Records from a collection:
****************************************

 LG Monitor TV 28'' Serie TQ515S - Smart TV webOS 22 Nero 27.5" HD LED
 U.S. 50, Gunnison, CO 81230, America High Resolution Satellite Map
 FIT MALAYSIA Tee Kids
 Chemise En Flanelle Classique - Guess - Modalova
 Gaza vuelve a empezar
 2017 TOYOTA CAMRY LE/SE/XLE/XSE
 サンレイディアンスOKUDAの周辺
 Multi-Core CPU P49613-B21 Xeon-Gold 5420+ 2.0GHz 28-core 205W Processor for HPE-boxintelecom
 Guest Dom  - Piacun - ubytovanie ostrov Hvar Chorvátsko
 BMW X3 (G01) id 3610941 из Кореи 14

****************************************

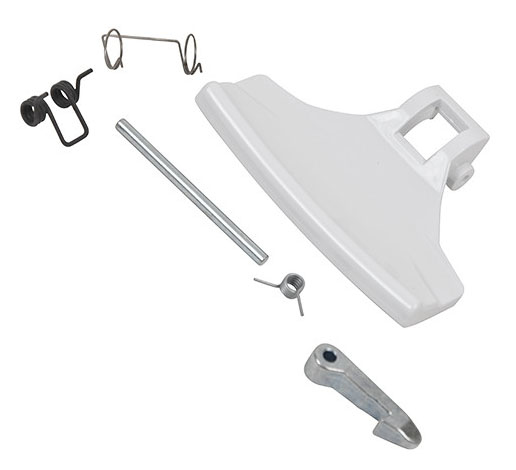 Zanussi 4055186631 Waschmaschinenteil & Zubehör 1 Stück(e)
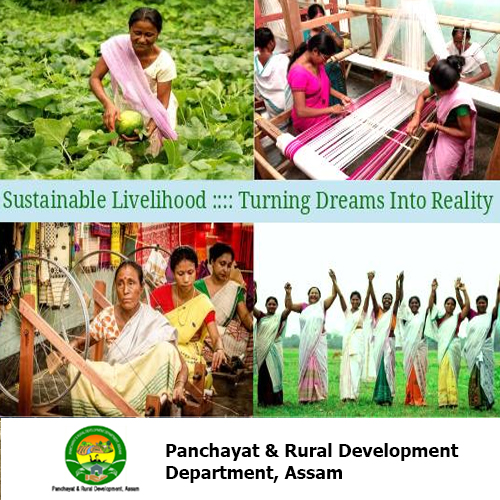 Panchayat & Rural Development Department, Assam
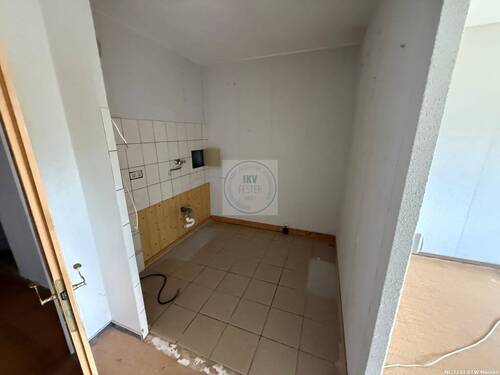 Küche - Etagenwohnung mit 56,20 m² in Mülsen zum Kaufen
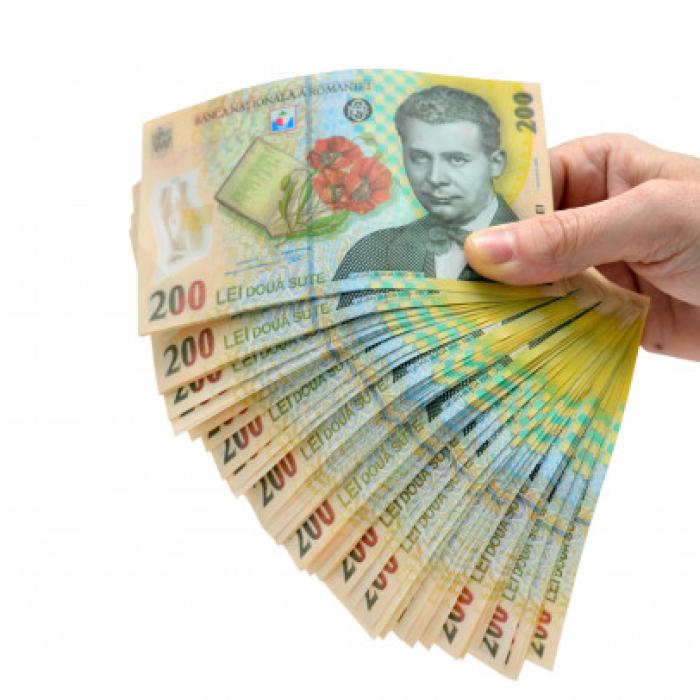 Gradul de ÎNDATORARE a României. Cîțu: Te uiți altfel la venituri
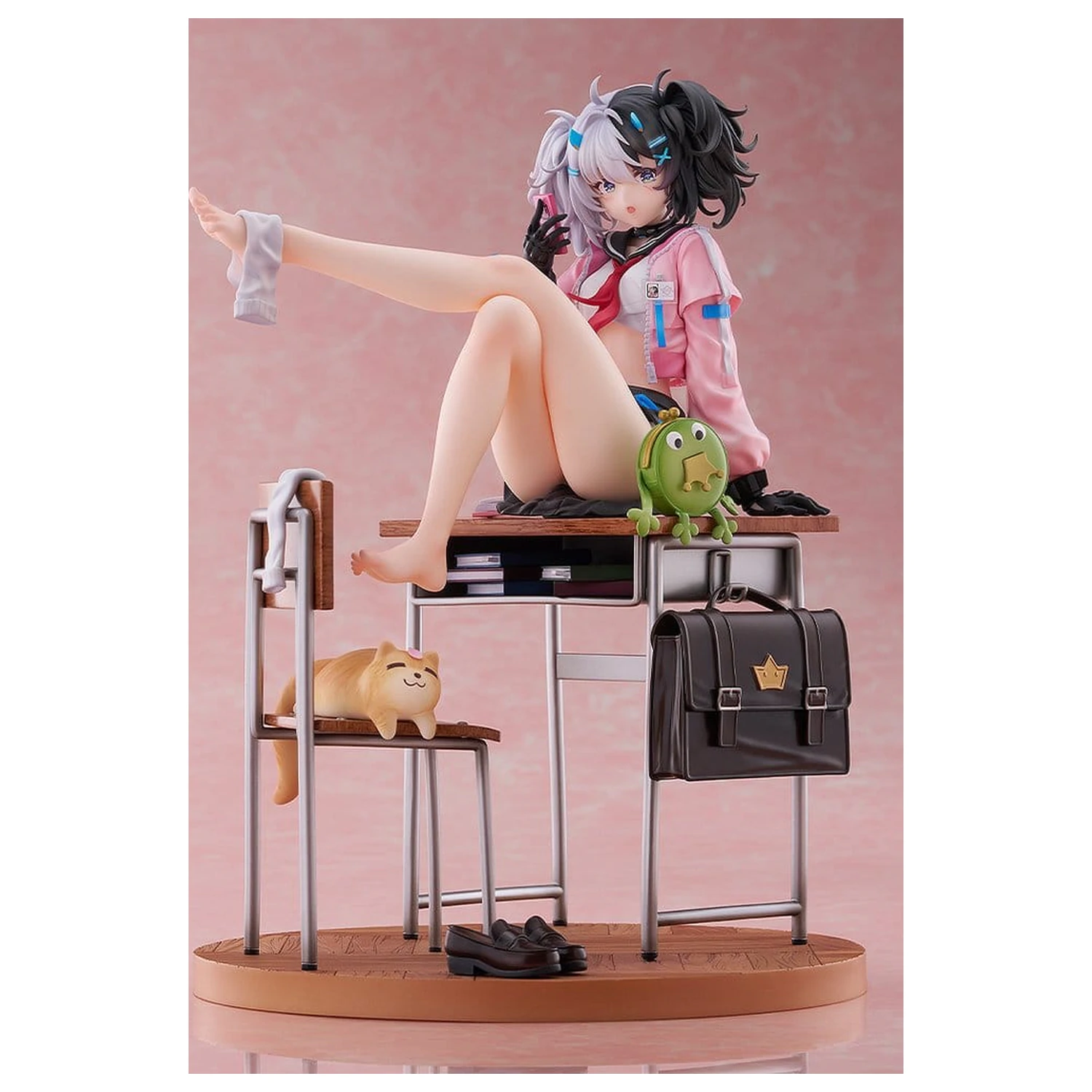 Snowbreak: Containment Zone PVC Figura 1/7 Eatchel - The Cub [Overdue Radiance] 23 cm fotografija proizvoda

****************************************

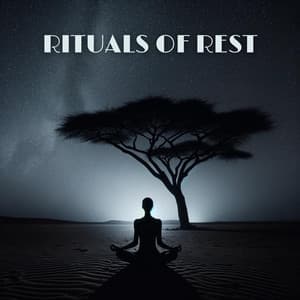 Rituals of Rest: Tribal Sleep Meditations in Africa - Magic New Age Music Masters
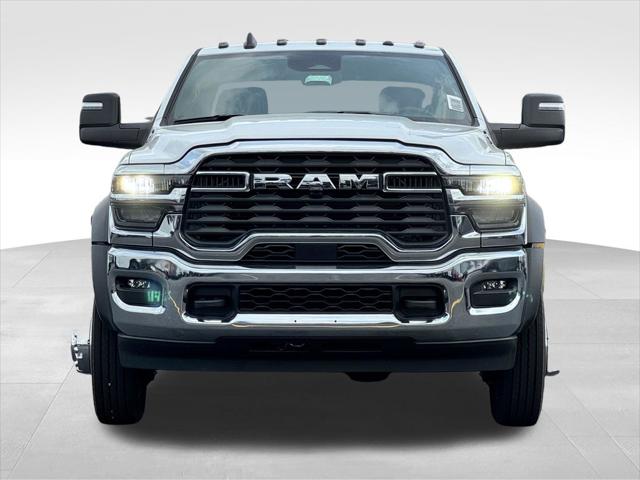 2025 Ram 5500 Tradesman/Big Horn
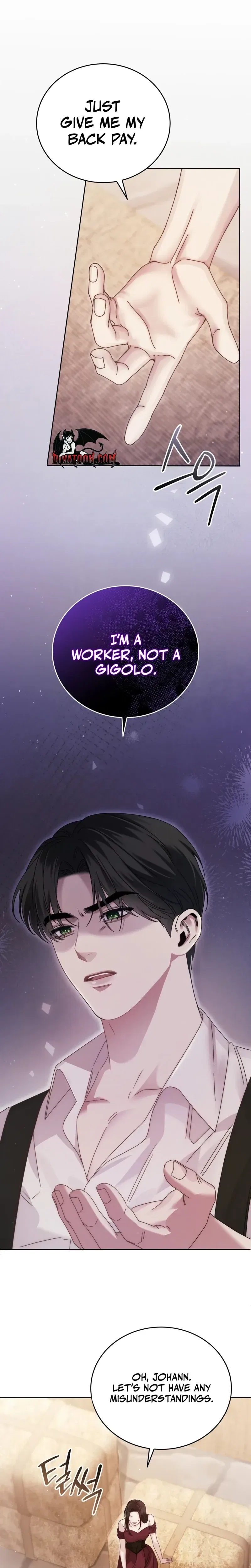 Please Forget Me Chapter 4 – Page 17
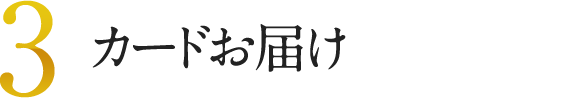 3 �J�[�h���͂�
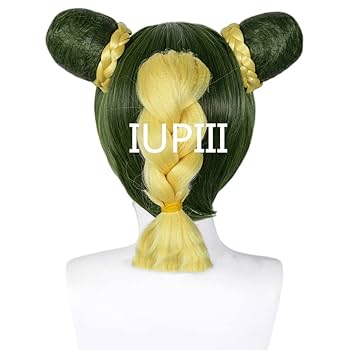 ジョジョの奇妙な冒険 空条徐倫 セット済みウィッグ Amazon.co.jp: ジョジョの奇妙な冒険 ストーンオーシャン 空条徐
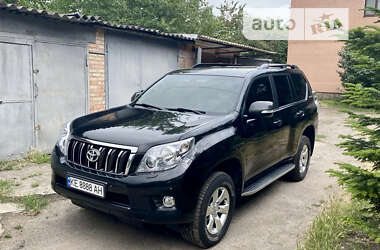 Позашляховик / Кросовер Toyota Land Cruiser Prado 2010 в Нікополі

****************************************

> **Your goal**
Among the entries above, find the line with "Zanussi 4055186631 Waschmaschinenteil" and repeat exactly from there through the line with "Snowbreak: Containment Zone", leaving out the pictures.

> **Expected answer**
 Zanussi 4055186631 Waschmaschinenteil & Zubehör 1 Stück(e)
 Panchayat & Rural Development Department, Assam
 Küche - Etagenwohnung mit 56,20 m² in Mülsen zum Kaufen
 Gradul de ÎNDATORARE a României. Cîțu: Te uiți altfel la venituri
 Snowbreak: Containment Zone PVC Figura 1/7 Eatchel - The Cub [Overdue Radiance] 23 cm fotografija proizvoda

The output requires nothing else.